This might be the best of the lot. They were rank outsiders, shorn of pack leader Jesse Bromwich and debuting a roly-poly centre against the game’s best right edge.

The Sharks are legitimate Premiership contenders, the league’s highest-scoring attack and rolled into Magic Round on the back of three consecutive wins. They weren’t just beaten, but thrashed, with said roly-poly centre, Valynce Te Whare, scoring twice.

Round 1 might have been written off as a fluke, a fired-up Dolphins catching a complacent Roosters cold. A week later, their win over the Raiders was a little fortunate. The record comeback over the Titans was pure chaosball. This wasn’t. It’s not luck anymore.

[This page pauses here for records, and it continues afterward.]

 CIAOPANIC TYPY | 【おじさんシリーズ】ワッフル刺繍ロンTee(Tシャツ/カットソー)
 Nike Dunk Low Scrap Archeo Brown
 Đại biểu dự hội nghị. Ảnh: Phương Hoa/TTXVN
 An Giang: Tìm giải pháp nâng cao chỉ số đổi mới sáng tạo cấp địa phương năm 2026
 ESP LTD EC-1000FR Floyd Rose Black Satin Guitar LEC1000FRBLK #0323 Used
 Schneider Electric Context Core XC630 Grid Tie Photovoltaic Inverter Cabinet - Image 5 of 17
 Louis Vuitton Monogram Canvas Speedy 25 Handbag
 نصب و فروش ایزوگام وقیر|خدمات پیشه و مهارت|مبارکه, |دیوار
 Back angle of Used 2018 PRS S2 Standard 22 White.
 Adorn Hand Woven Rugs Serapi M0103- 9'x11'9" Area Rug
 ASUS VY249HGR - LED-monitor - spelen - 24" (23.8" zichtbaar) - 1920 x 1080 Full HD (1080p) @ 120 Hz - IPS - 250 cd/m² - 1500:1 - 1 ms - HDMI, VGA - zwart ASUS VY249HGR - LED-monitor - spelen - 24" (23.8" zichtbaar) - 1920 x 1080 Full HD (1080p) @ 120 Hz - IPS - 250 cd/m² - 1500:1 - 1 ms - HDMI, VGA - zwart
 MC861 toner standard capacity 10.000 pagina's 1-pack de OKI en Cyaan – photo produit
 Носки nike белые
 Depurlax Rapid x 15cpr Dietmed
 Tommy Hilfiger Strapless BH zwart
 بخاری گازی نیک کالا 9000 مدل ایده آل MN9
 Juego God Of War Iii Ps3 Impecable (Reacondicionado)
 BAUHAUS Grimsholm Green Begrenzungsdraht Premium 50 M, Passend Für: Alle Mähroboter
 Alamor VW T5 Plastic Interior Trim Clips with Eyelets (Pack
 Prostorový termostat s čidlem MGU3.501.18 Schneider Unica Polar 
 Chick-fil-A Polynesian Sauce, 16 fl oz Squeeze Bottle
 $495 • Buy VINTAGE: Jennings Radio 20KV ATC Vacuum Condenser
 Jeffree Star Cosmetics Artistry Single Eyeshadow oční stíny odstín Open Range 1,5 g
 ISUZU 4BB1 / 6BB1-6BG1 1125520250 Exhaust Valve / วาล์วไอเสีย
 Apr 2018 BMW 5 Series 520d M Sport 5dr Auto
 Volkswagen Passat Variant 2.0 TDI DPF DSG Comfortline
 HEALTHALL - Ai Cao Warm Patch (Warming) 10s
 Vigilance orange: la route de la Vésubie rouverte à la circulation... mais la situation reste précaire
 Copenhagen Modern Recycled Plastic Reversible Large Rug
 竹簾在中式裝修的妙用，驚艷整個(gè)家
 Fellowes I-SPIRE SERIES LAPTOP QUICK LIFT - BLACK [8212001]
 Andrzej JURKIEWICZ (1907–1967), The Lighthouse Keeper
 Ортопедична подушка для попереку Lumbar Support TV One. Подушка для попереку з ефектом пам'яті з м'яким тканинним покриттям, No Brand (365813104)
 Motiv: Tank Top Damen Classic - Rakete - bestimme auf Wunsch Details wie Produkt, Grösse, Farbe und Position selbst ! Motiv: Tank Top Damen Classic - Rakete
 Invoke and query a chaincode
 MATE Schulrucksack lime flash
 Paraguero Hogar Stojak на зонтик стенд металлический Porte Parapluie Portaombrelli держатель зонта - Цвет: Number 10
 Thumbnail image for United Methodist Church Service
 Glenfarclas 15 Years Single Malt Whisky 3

Bennett brings all the nous and experience a group could need. The likes of Kenny Bromwich and Felise Kaufusi – as well as the absent Jesse – brought culture from Melbourne, as well as knack of turning up in milestone games.

“I did enjoy that,” said the famously taciturn coach. “We had three quality props out tonight and a couple of good backs missing.

“I just give guys a jersey and they get the job done. It is quite remarkable and a credit to them. There’s a lot of trust there. I encourage them and trust them.”

Craig Fitzgibbon must have known that something like this might happen. He could only watch on as it unravelled, 30-0 within 35 minutes. Like everyone else, he was speechless.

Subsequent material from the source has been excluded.